Vidas de santos

Artículo de Jorge Guitián
La filosofía emprendedora insiste en que para tener éxito es necesario haber fracasado antes. Sea esto verdad o no, lo que sí que parece verdad es que, empeñados en el relato del triunfo permanente, tendemos a ocultar los desaciertos, dando forma a una historia edulcorada que es un riesgo innegable.
Por Jorge Guitián
09 de diciembre de 2021

En la gastronomía española llevamos décadas construyendo un relato de éxito en bucle, una historia de trayectorias sin una equivocación, de carreras fulgurantes hacia la gloria, tan bonito como parcial. Escribimos una historia edulcorada en la que todo fluye hacia una meta, en la que no hay dudas, frustraciones, meteduras de pata, socios que salen rana ni decisiones equivocadas.

Lo hacemos, supongo, pensando que contar la verdad, los batacazos que en algunos casos antecedieron al éxito, sería algún tipo de ataque. Y no, no lo es. Puede serlo, si ponemos la mala leche suficiente en el empeño, pero si contamos que la carrera literaria de Herman Melville no fue un éxito durante la vida del escritor no estamos haciendo un ataque ni a su figura ni a su obra. Estamos, si acaso, criticando la escasez de miras del público de la época, la mala suerte del autor o, simplemente, contando lo que pasó, que ya vendrá otro a analizarlo.

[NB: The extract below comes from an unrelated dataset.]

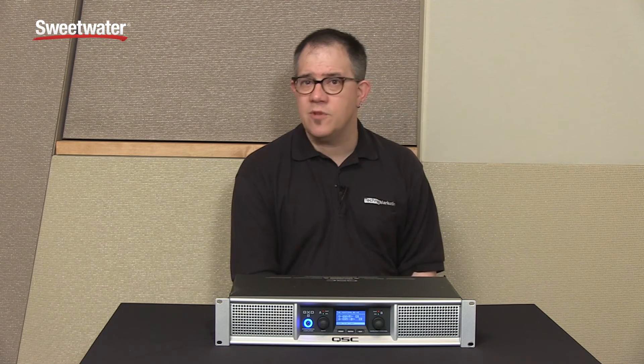If you've got additional questions or need help configuring a system, talk to your Sweetwater sales engineer. Thank you very much.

Porque no hacerlo supone contar la mitad de la historia. Y cuando en gastronomía contamos solamente los éxitos, estamos contando una ficción de vino y rosas, de fiesta permanente y dinero que fluye como los ríos de Babilonia (entra Boney M. de fondo) que no solo no responde a la realidad sino que es un auténtico peligro.

Lo es para los jóvenes que se asoman al gremio y que, llamados por la sucesión inabarcable de éxitos, se quieren sumar a la fiesta. La pena es que cuando finalmente le vean la cara a la realidad hay ciertas posibilidades de que no entiendan nada. Porque eso no es lo que les habían contado. Y si, por desgracia, su iniciativa llega a fracasar, el sentimiento de derrota y de vergüenza será aún mayor. No entenderán por qué ellos no pudieron y los demás sí y seguramente tratarán de esconderlo, haciendo de ese modo que la gran bola de nieve siga creciendo.

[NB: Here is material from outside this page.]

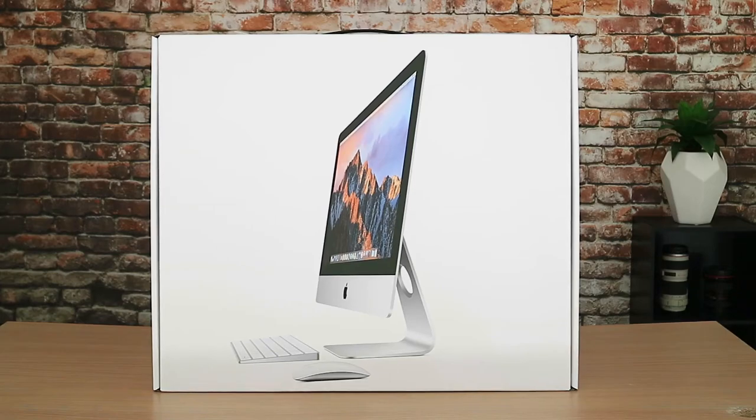Hi, it's Ryan from Ryan Fowler Photography, and in this video I'm going to be unboxing this 21.5-inch iMac.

Es un peligro, también, para cocineros e inversores que, llamados por esa riada de éxitos, decidan invertir quizás más dinero del que sería recomendable porque, total, aquí nadie se la pega. Lo es, en definitiva, porque el mundo no es así, por mucho que Netflix esté lleno de documentales sobre cocineros que, como en las películas de Bruce Willis en los 90, se empeñan en contar que da igual que seas un tipo del montón: si te empeñas, tú también puedes triunfar, patear a los malos y quedarte con la chica. Porque, en el fondo, por lo que se ve, seguimos teniendo 13 años.

Pero del mismo modo que no me gustan las hagiografías y pienso que para vidas de santos ya tenemos las Escrituras, creo que tampoco es necesario hacer escarnio público. Soy tan poco de beatificar como de linchamientos en la plaza del pueblo. Llamadme soso.

Creo que lo ideal sería poner un cierto sosiego y un poco de distancia, que con la pasión que aplicamos a idolatrar, o a odiar cuando creemos que corresponde, la cosa parece más una canción de David Bisbal que la narración de hechos reales y corremos el peligro de que se nos salte un botón del pecho de la camisa con la emoción del relato histórico.

Hay restaurantes que cierran. Ya está, ya nos hemos quitado ese tabú del medio, ya podemos seguir. Hay inversiones que salen mal. Y no pasa nada. Más allá de lo que pasa, obviamente. Hay pérdidas y suele haber disgustos, que a nadie le sienta bien equivocarse. Pero ya está. No es un ataque, no se muere nadie (al menos no debería) y la vida sigue. Y quizás si hablásemos un poco más de la cuestión evitaríamos que pasara más.

Si se hablase de ello, si se informase de ello, si pudiéramos debatir sobre el tema sin que nadie se sintiese insultado, tal vez algunos de los que, emocionados por el triunfo generalizado, emprenden aventuras no siempre realistas se lo pensarían un poco más. Quizás, también, si extendiésemos la sensación - tristemente real- de que hay opciones de fracasar, algunos negocios se calcularían mejor antes de ponerse en marcha.

Nos evitaríamos, tal vez, segundas marcas que no funcionan, inversiones millonarias en restaurantes que en caso de no ser un éxito permanente van a lastrar de por vida a sus promotores. Evitaríamos, quizás, sonoros batacazos, que se dan aunque no los contemos, en plazas que, por muy bien que suenen en nuestras cabezas -Londres, Nueva York, Los Angeles- a lo mejor no conocemos suficientemente bien.

Puede que, incluso, en algunos casos, nos pensásemos dos veces lo de asociarnos con el primero que entra por la puerta con el dinero en la mano y prometiendo unos beneficios con los que ni habíamos soñado, aunque luego, al tercer mes de pérdidas, nos deje ahí, con el muerto a cuestas. Normalmente es alguien con mucho más dinero que tú al que, si la jugada sale mal, el golpe le va a hacer menos daño que a ti, que te quedarás tocado y tratando de mantener la cara de poker.

No se trata, insisto, de crucificar a nadie, por seguir con el tono bíblico. Pero entre eso y poner como ejemplo de emprendimiento a gente que lleva más de media docena de revolcones gordos a sus espaldas, tiene que haber un término medio.

La historia es otra cosa. O debería serlo. Debería ser la crónica de unos hechos y el intento de explicar sus causas. Y si no va a ser así, si vamos a renunciar a cualquier apariencia de rigor, démosle, al menos un poco de color, algo de épica: “Descansaba Paul Bocuse, el de la barba vellida, el de las anchas espaldas, los cabellos en flor, antes de meterse un día más en cocina a reinventarlo todo…” y ya, desde ahí, adelante sin miedo. Ya puestos a hacer ficción, hagámosla sin complejos, qué demonios.